Mobility Tail Wags the Sybase Database Business
Specialty DBMS vendor counts on secure delivery of data, messaging and intelligence as a boon to financial institutions and a key to long-term growth.
Sybase's latest big push to deliver information anywhere was the 2006 acquisition of Mobile 365 (now Sybase 365). While passing messages within a single network is easy, Sybase 365 ensured seamless handoffs of some 25 billion SMS and MMS messages among more than 720 carriers worldwide last year. That capability is viewed as crucial to financial services clients seeking to communicate with customers, be it security codes, real-time alerts, marketing campaigns or secure, two-way transactions from mobile devices. About two thirds of mobile subscribers in the Americas are interested in banking via their mobile devices, according to research commissioned by Sybase, but an equal percentage are also concerned about the security of such transactions.
Of course, all of the above involves data that's likely to be managed in ASE, but there's also a tie to Sybase IQ. "The long-term strategy is to hook messaging up to business intelligence," explains Gartner analyst Donald Feinberg. "If an analytic sales application reveals that sales on the West Coast are dropping, an alert could be sent off to the West Coast sales manager to find out what's going on."
So what was the news on the Trusted Infrastructure and Intelligent Enterprise fronts? Sybase introduced ASE version 15.0.2 late last month with upgrades in security, scalability, performance and archiving. "The release has a lot of new functionality of the kind we've seen from most DBMSs recently," says Feinberg. "I wouldn't say ASE is ahead of the competition, but they're certainly not behind, which is important when you're number four [after Oracle, Microsoft and IBM in terms of database license volumes]."
Most notable was a new Tiered Disk Cluster grid option designed to ensure ultra high availability. "It's similar to Oracle RAC, which is one area where Oracle has been ahead of everyone," acknowledges Schaub. "We're now the second database vendor to offer a clustered solution."
As for Sybase IQ, the company reported last week that its analytics server has experienced 31 percent growth over the last three years within the financial sector.
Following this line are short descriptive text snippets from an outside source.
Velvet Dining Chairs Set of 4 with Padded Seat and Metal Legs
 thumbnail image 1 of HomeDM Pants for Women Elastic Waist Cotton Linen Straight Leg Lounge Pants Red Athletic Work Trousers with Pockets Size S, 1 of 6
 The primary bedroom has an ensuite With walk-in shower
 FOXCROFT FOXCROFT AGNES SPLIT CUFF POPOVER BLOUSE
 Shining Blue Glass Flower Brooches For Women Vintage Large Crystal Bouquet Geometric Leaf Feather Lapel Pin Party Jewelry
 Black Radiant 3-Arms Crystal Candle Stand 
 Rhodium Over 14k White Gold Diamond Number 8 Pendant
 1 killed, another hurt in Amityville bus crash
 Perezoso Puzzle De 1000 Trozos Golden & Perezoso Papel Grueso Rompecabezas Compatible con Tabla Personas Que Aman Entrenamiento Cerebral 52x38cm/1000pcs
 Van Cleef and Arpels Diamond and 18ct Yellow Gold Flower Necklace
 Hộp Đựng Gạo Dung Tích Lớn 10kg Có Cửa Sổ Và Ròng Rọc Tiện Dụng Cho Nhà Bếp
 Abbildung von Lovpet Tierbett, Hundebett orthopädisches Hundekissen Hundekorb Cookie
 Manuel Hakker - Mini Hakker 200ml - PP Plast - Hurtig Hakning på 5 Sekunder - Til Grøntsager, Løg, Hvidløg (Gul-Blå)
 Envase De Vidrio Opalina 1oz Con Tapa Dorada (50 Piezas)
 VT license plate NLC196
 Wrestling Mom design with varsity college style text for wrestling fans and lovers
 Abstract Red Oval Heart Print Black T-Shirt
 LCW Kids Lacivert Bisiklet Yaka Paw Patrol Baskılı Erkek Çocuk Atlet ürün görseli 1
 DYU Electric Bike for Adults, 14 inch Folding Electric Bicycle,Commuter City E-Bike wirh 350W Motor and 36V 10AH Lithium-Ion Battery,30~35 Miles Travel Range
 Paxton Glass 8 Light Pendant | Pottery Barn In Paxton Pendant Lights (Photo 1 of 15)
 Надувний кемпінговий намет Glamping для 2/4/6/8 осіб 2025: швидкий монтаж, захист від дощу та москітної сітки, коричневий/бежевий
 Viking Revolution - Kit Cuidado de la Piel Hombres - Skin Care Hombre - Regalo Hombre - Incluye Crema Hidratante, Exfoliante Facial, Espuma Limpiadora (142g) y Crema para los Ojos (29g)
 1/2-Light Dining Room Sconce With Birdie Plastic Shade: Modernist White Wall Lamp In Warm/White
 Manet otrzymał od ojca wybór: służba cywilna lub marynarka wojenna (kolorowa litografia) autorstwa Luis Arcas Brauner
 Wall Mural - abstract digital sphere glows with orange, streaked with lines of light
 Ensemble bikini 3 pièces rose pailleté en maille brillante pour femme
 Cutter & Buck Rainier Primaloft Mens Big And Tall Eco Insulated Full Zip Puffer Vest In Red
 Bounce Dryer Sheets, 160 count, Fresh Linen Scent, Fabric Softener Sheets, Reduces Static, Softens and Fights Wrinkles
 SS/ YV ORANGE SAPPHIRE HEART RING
IQ's competition includes Netezza and Vertica (the latter from database guru Michael Stonebreaker), but Sybase can draw on deep and longstanding relationships among financial institutions. The company reported last week that more than 200 top financial institutions now use IQ, including Barclays Global Investors, Citigroup, Credit Suisse Securities, Dun and Bradstreet, New York Stock Exchange and a bevy of leading banks in South America and the Pacific Rim.
Given that about 70 percent of the company's roughly $1 billion in revenue is driven by its databases and data integration products, it's clearly a big bet that mobility will be a long-term differentiator and source of continued growth.